Technically, the Department of Justice sends hundreds of observers around the country every year to monitor elections, so maybe Wisconsin shouldn’t take this personally. On the other hand, since the state did pass a photo ID law which has only recently been halted by the State Courts, it might be personal.
Tomorrow, for the Republican primary and a few local elections, there will be DoJ observers in Milwaukee assuring that the state is complying with the Voting Rights Act of 1965 and other federal voting laws. It can also keep an eye out for violations of Wisconsin’s voting rights, which are even stricter than the Federal ones. The monitors will keep an eye on the basics, discrimination in the voting process based on race, color or membership in a minority language group. Federal law does not include membership in a political party under its anti-discrimination rules, though it might need to at the rate the Republicans are going.
In addition to the Republican presidential primary, in Milwaukee, Mayor Tom Barrett is running for re-election.
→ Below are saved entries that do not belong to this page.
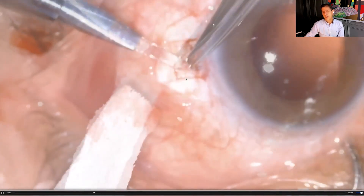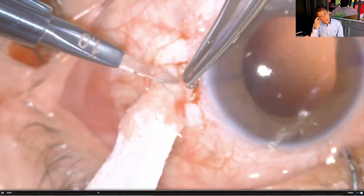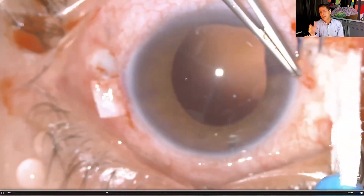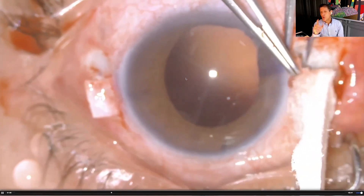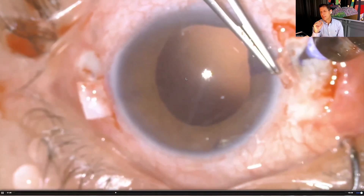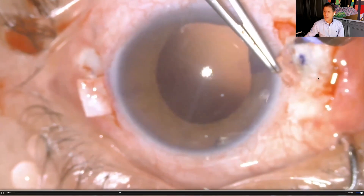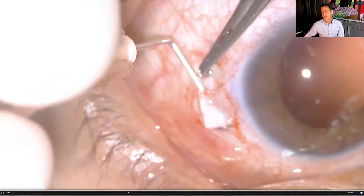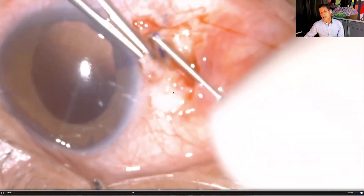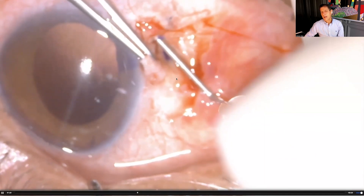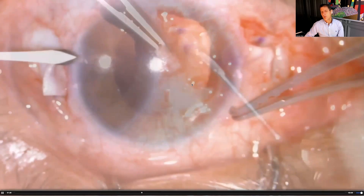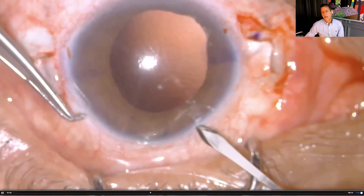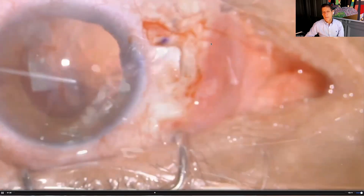It is very important to mark the corneal center so flaps are placed exactly 180 degrees apart — the lens sits without tilt because the haptics are precisely opposed. We create a 3×3 mm flap with a 15-degree, diamond, or crescent blade at 50% depth, dissecting to the limbus. We then measure 2 mm behind the limbus with a caliper, mark the edge, and introduce a bent 27-gauge insulin needle at 90 degrees to create the tunnel, followed by two opposing paracenteses.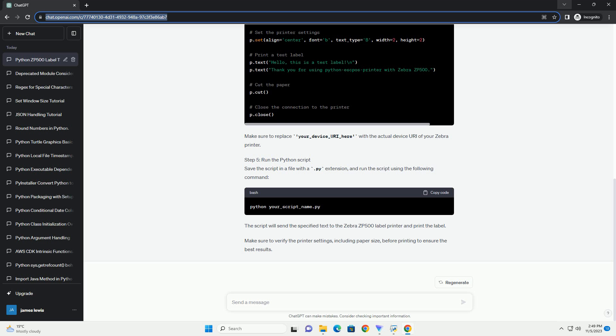Step 3: Find the printer's device URI. Identify the device URI for your Zebra printer. You can usually find this information in the printer settings or configuration page. Note down the URI as you will need it in the code.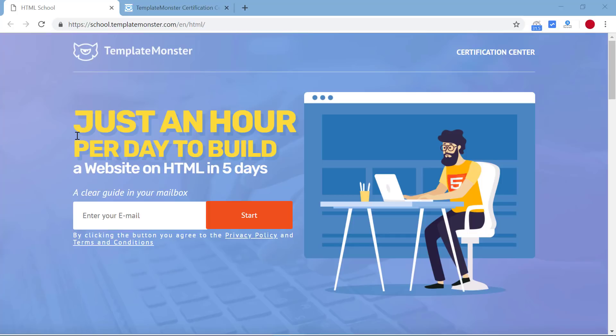This five day course will teach you how to create a website. It will have a clear guideline on using HTML very easily. To start, all you have to do is just enter your email ID, click on start, and you will get the link for the course on your email without any cost.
He also announced on Friday that he is running against Scott Walker for the governorship, again. His primary for the recall election is scheduled for May 8. Barrett has not withdrawn from the mayoral race.
As for the Republican primary, the polling is tending toward Mitt Romney, but Rick Santorum has said that no matter what happens in Wisconsin, he is staying in the race. Wisconsin would only give Romney enough delegates to top the half-way mark to the nomination. It is predicted that the primary will draw about a 35% turnout.